When I was 10 years old, my family decided my brother and I should leave America and get a taste of life back in France. I was enrolled in the south suburb school my mother had attended in the '60s. It was a wonderful place to be a kid. I loved the pastries and the weather and the way everything smelled like nature and food. I loved the freedom to have a real childhood.
I had lived in mixed middle class neighborhoods in America where racial tension was present, but not the main part of the story. I had all kinds of friends as a kid in America and it didn't really register with me that racism existed. My school in France was mixed - Algerian and Roma, but still mostly white. Suddenly I was learning what racism was. I always thought that Arab meant "store owner" because of a tendency for some locals to refer to going to the store as "visiting the Arabs." Teachers would also hit the kids when they saw us as misbehaving, with a particular focus on those of darker complexion.

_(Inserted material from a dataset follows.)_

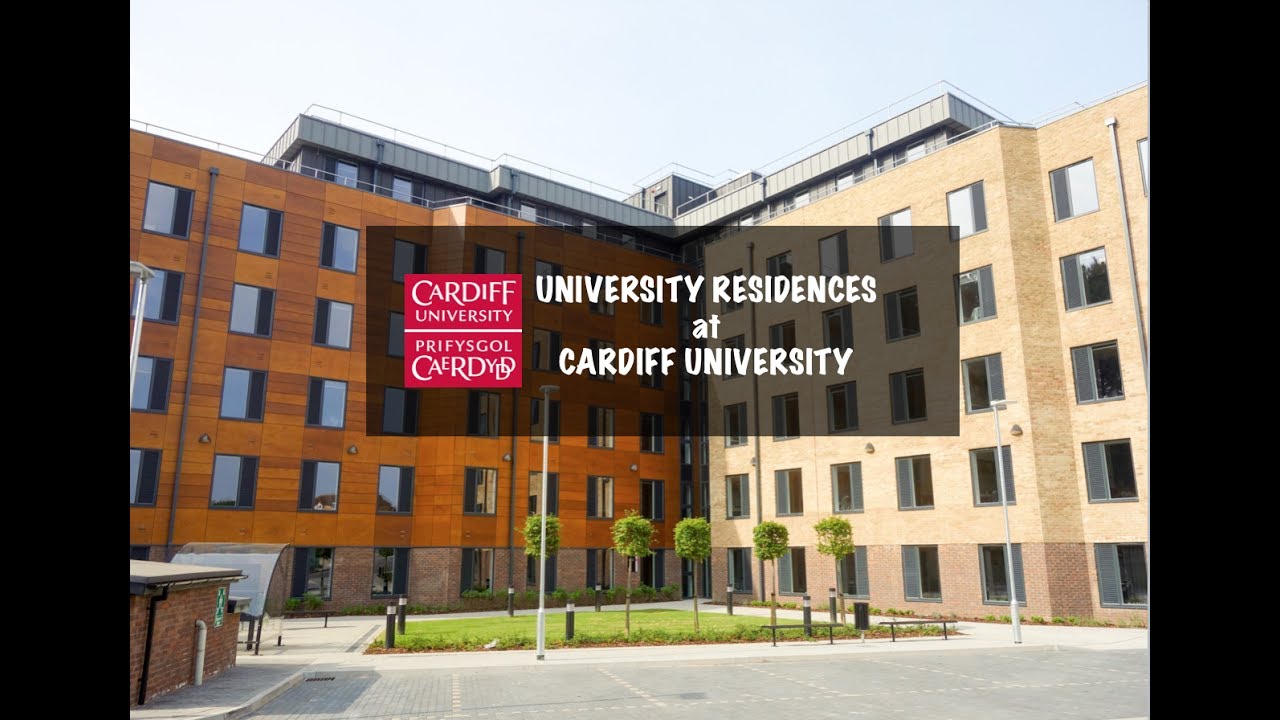 University Residences at Cardiff University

My best friend was French-Algerian and we would fight frequently, another great French tradition. At one point I sucker punched him and he spat at me. A teacher grabbed him by the ear and shoved him the the closet with a glass jar. "I'm not letting you out until you spit up to this line," he said. "We were just joking around," I pleaded to no avail. At some other point a teacher accused a young Roma girl of stealing from her and stripped her down to her underwear and spanked her in front of the class. I hated the teachers who acted that way back then and I still do but it taught me a crucial lesson: that power can be petty and corrupt and that adults can be very wrong. I have never forgotten it.
All the ugliness and racism aside, kids were kids and we all loved soccer. It felt like a dream for a young boy who had only known the sponsored and painfully organized Little League teams of American suburbia. At 4:30, school was over and with it any semblance of adult supervision. I remember all of my buddies pitching in to buy a cheap soccer ball for 10 francs and then it was off to the park to play. Playing sports for fun was a revelation; in America it seemed like some exercise in shaping a "well rounded student" for college. In France we would hit the park on our own and play soccer until it was dark.

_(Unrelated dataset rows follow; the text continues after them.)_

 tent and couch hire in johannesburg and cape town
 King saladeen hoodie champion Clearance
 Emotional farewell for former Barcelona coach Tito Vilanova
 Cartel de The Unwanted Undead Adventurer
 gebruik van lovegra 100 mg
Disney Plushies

Our school plays were violent and bizarre, much like our history. Once we went on a field trip to Fontainebleau, a forest known for its sandy ground and massive boulders, perfect for rock climbing. Our teacher said, "stay in pairs, don't wander too far, and don't climb higher than you feel comfortable falling from," and she let us go. We climbed all over the rocks jumping from one to the other with reckless abandon.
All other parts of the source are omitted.